–Jagdeo, Ramotar run for cover
Dear Editor,
THE truth is finally out and both men, Jagdeo and Ramotar, are running for cover. Ramotar said: “This is a serious mistake; a definite mistake and makes us look bad.”
Joe Harmon, Minister of State, has put them to shame: “Tell the nation what you all did with the money!”
Joe is on the right track. He did not call them thieves, but when they can’t find the $348B that were given, SPECIFICALLY for Guyana’s sugar industry, then the tune will play.
Ramotar said that he knows that it can’t be right, because he was a Director for more than 10 years on GuySuCo Board, I guess sucking cane, because he can’t remember things that went on in the Industry.
He did not know that Jagdeo was building Skeldon Factory with technical help from the Chinese, rather than from the Indian government.
Did he not know that Gail Teixeira, Clement Rohee, the deceased Attorney-General, Doodnauth Singh and Jagdeo went to India and agreed on a memorandum of understanding to build the Skeldon sugar factory?
Mr. Doodnauth Singh told this writer that Jagdeo reneged on the deal, without informing his PPP colleagues.
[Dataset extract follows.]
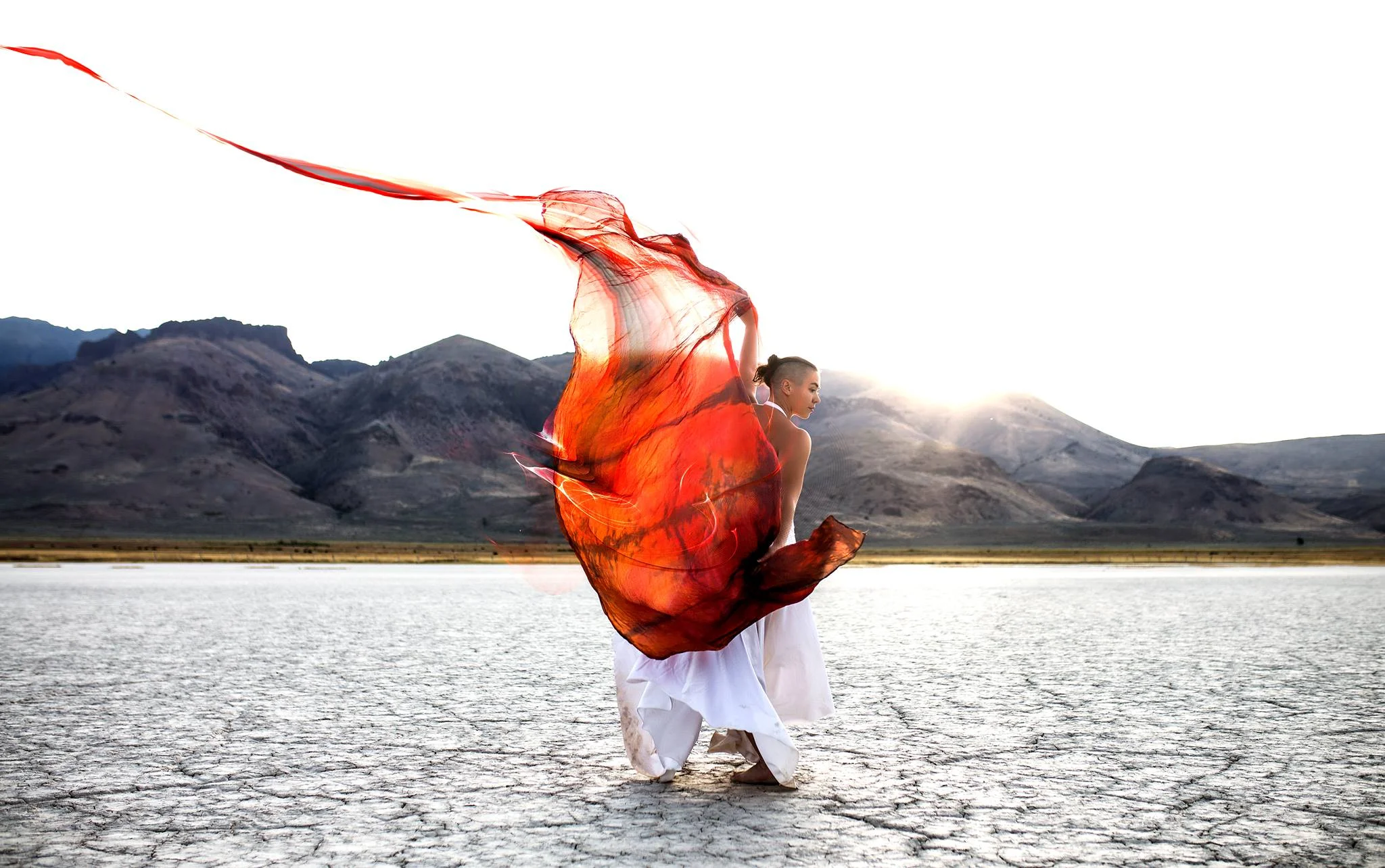 Tom_Lupton_Portrait_Photography_Desert.jpg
But Donald Ramotar was on the Sugar Board!
Donald Ramotar did not seem to know also that the EU report that was handed to the PPP regime in 1996, showed that sugar was in rapid decline internationally, and that something had to be DRASTICALLY done to RESTRUCTURE the industry.
But the PPP paid no heed to the warning issued by the EU. According to Jagdeo, as stated in a SN news article, he spent $30B on the dilapidated Skeldon factory, which never grind a single cane, and which remains a “White Elephant”.
Like the sugar industry, the PPP destroyed the rice industry, losing in the process the Venezuelan “rice-for-fuel” market which delivered the highest price for rice, amounting to $9,000 per bag of paddy.
They paid the rice farmers $3,000 and pocketed the $6,000. The FORENSIC AUDIT on the rice industry has resulted in the six persons directly linked to the PPP being charged and facing trial in the Guyanese court for alleged fraud and corruption.
Minister Jaipaul Sharma, the Junior Minister responsible for the facilitation of the the 50 forensic audits ordered by the Coalition Government, has stated repeatedly that it is the biggest corruption scandal the rice industry has ever experienced in its entire history.
There can be no JUSTICE done until all the culprits that were engaged in massive fraud and theft are put on trial, and their wealth, derived by illegal means, are confiscated and they serve appropriate jail sentences.